Je n’ai pas le chiffre exact, mais cela doit être de l’ordre de 9000 cas. La plupart d’entre eux ont été intégrés dans leur poste de travail qu’ils occupaient avant de se rendre au maquis après avoir été entendus.

- La Commission nationale de suivi de l’application de la charte pour la paix et la réconciliation nationale, existe-t-elle toujours ? A-t-elle publié un bilan ces cinq dernières années ?

Elle n’a rien publié à cet égard. Honnêtement, je ne sais pas.

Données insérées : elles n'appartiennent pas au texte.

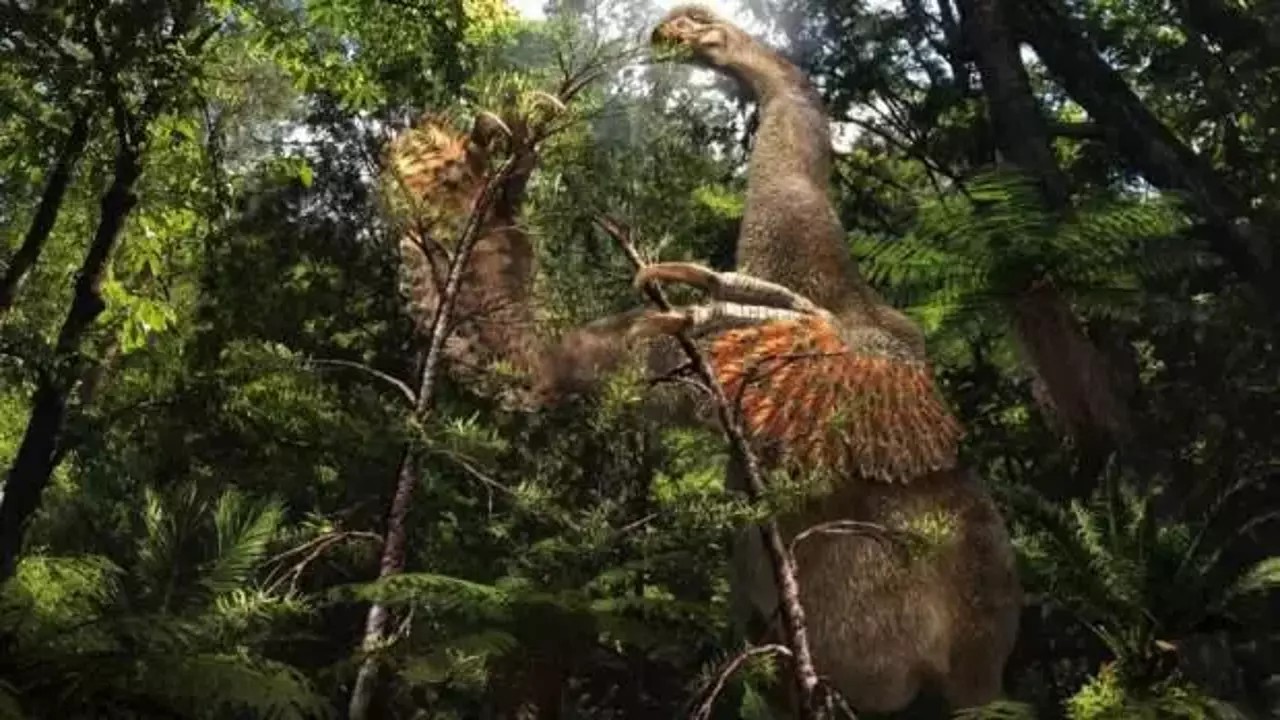 Foto - Orta Asya’da keşfedildi! Yeni dinozor türü bilim dünyasını şaşırttı 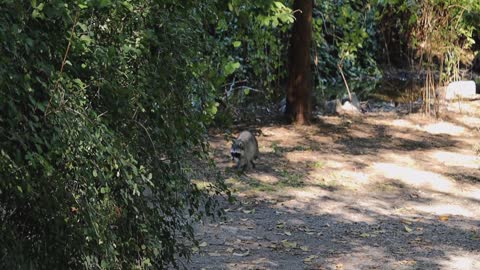 Raccoon. Funny Raccoons Compilation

- Combien a coûté la charte ?

Il y a un budget qui a été alloué mais je ne sais pas combien. Moi, j’étais partisan, dès le début, que le projet de la réconciliation nationale avoisinerait le milliard de dollars, car j’estime que c’est une opération très importante sur laquelle l’Etat ne devait pas lésiner. L’Etat algérien ,qui connaît une prospérité économique sans précédent, a les moyens de concrétiser ce projet.

- Alors, ce même Etat a le droit de faire des tests ADN et de mener des enquêtes pour faire la lumière sur la question des disparus ?

Bien sûr, mais il n’est pas de notre intérêt d’ajouter des fractures à celles qui existent déjà. Il est de notre intérêt de tourner la page définitivement. Il faut que l’Algérie s’attaque au vrai problème qui est le développement. Pourquoi les familles des victimes du terrorisme ne contestent pas la charte ?

- Parce que les auteurs sont des terroristes, justement, et non des agents de l’Etat, n’est-ce pas ?

Je le dis et redis, il faut s’en remettre à la loi et clore le sujet des disparus définitivement.

Bio express

- Né le 28 janvier 1941 à Boufarik, dans la wilaya de Blida, maître Farouk Ksentini poursuit ses études universitaires à la faculté de droit d’Alger avant de s’envoler pour la France. Il a prêté serment en 1966. Bâtonnier dans sa wilaya natale de 1987 à 1991, maître F. Ksentini est l’un des fondateurs de la Ligue algérienne des droits de l’homme (LADH) en 1987. Aujourd’hui, il continue d’exercer son métier d’avocat tout en étant à la tête de la Commission nationale consultative de promotion et de protection des droits de l’homme (CNCPPDH) (officielle).